## Your goal
I need the number of lines in the listing below that include the string "with", and only that number.

## Given records

***

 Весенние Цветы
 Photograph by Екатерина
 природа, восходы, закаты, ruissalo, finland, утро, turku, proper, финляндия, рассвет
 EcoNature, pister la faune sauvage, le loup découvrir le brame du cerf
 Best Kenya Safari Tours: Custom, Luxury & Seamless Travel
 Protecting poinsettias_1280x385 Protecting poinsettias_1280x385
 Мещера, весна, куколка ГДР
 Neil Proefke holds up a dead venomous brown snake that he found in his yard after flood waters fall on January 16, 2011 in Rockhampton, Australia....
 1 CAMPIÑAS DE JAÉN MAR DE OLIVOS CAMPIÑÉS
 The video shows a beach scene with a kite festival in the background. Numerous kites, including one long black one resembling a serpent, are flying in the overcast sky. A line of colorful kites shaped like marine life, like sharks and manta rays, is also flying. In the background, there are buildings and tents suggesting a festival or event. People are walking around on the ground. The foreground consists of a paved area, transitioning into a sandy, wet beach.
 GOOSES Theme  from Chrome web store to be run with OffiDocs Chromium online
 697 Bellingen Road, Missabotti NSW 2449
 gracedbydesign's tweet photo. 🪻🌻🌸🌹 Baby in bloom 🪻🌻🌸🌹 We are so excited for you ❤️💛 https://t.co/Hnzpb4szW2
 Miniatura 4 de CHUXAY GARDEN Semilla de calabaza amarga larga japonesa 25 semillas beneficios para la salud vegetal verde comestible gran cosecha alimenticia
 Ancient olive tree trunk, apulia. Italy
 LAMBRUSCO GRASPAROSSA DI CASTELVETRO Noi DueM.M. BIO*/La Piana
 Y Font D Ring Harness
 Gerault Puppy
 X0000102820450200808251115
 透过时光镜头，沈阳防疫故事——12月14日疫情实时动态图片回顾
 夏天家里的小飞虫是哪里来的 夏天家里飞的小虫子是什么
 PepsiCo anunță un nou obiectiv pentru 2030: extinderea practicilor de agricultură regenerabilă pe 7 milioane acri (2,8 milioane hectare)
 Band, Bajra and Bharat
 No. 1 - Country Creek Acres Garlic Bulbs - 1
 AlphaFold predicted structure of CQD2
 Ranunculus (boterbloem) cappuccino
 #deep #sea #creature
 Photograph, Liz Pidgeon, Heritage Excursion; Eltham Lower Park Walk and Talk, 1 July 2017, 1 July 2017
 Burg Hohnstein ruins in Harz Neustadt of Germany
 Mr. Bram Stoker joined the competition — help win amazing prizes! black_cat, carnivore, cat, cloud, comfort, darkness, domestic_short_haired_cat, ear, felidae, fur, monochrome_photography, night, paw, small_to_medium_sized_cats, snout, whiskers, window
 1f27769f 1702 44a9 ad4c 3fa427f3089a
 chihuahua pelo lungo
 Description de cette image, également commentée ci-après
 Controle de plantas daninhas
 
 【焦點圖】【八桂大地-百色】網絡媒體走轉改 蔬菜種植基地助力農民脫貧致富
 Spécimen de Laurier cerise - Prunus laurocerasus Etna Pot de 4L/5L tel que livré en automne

***

## Response to the task
2